Updated: May 21, 2021
As we move into a new season, one of our private age group athletes asked if it was possible to write a blog to help him, and maybe others, how to get the best out of their coaching when training as most do, at home, and not in training camp with the team. I'm happy to explain what I tell our athletes: 1. Communication This is so important. Not only for coaches to make themselves understood, but for the athlete to pass back clear objective analysis of their training. This does enhance the success of the program. To me it comes under the heading of 'Invisible Training'. Most athletes including the pros let things slide. When a niggle springs up, and yes it may be nothing, but your coach should be made aware of it instantly. An adjustment in the training, or a change of workout can mean it is nothing after 48 hours. However with the zealousness of most athletes to complete the training they like, it tends to 'slip the mind' - then surfaces 5 to 7 days later, and after continued training is a real problem that will impede training. Good communication between athlete and coach minimises this possible scenario. 2. Technique While one is training out of the watchful eye of your coach, it is easy to slip into bad habits. One of the criticisms of our specific programs, is that we use a lot of tools. The main reason is to combat this problem. As we have readers not within our system, I'll say no more on that but point out what we advise to Trisutto trained athletes who are not in my personal squad: We encourage our coaches to hold a camp in a warmer weather location during the winter. Athletes can enjoy a winter sunny camp, escape cabin fever, and connect with their coach face to face, so the coach can impart what they want for the season in terms of technique. The coach can see his or her athlete, it's low key, nobody is going crazy with training but it's such a huge help to the athlete-coach relationship. Having just returned from Gran Canaria, it brought home to me the advantage this holds, either in making adjustments or giving confirmation the athletes are heading in the right direction. Either way it's a big positive.

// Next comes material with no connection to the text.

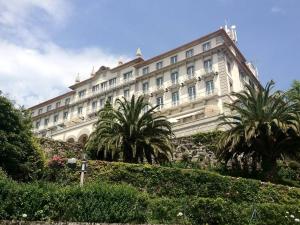 ein großes Gebäude mit Palmen davor in der Unterkunft Casinha Nº461 in Vila Praia de Âncora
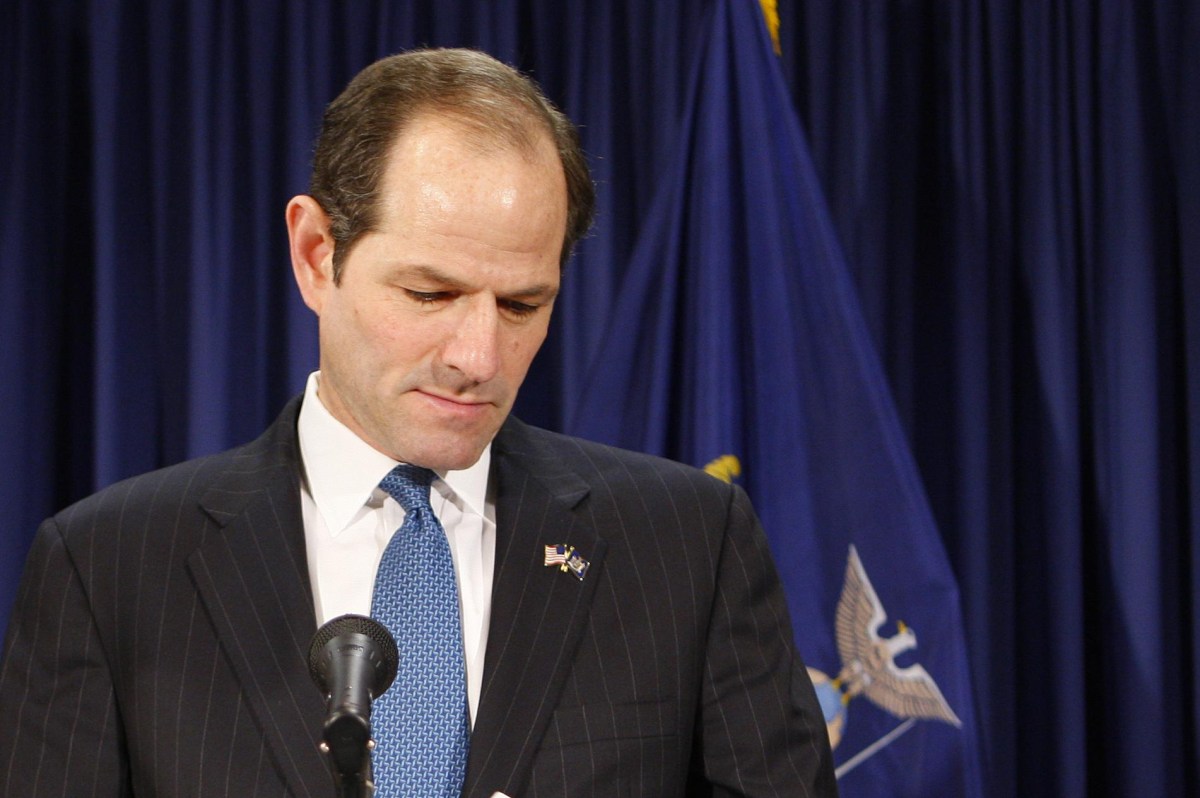 Eliot Spitzer, New York governor, flanked by his wife Silda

3. Video With the advent of smart phones, the ability to make a short video and send on to the coach is a huge plus, where either is having doubts about a certain technique. However - unlike some groups, we are not slaves to the Go Pro or any other camera. One won't see me running up and down with one recording everything. While most think this is a new innovation, used with the wrong athletes it can be very destructive. However, if an athlete has reservations they are not meeting the technical requirements they have discussed with their coach, then we encourage them to send a short video. This method also is valuable if a new student can't get to the coach or a camp, as short video's can help enormously at the start of a program. Online Training Plans and Group Training
For athletes working with one of our training plans, the most common 'frequently asked question' is there is no rest day written into the program. I would point out publicly here, that we encourage all of our athletes to take a rest day when they feel that it is needed - or when life just gets in the way e.g. a hectic / stressful day with family, work, other commitments. That can be any day of the week. Not a handcuffed specific day. Some athletes like a specific day to look forward to, and that is fine, but it is not as successful as taking the day when it is needed.
A lot of athletes feel, because they don't have a group to train with, that they are at a disadvantage. It is my opinion that if you are racing non drafting half to full Ironman that this is not the case at all. Yes our ITU pros train more together, but even in camp our Ironman group will swim in the same pool, not necessarily the same workout or lane, and on the bike or run it is much more individual than many think. Ironman is about individuality. We should strive to continue that mantra, and as such we train that way for Ironman all year round. I thank our athlete JP publicly for his observation, and hope he and I have eased some of your fears about how best to get the most out of your online coaching and training plans.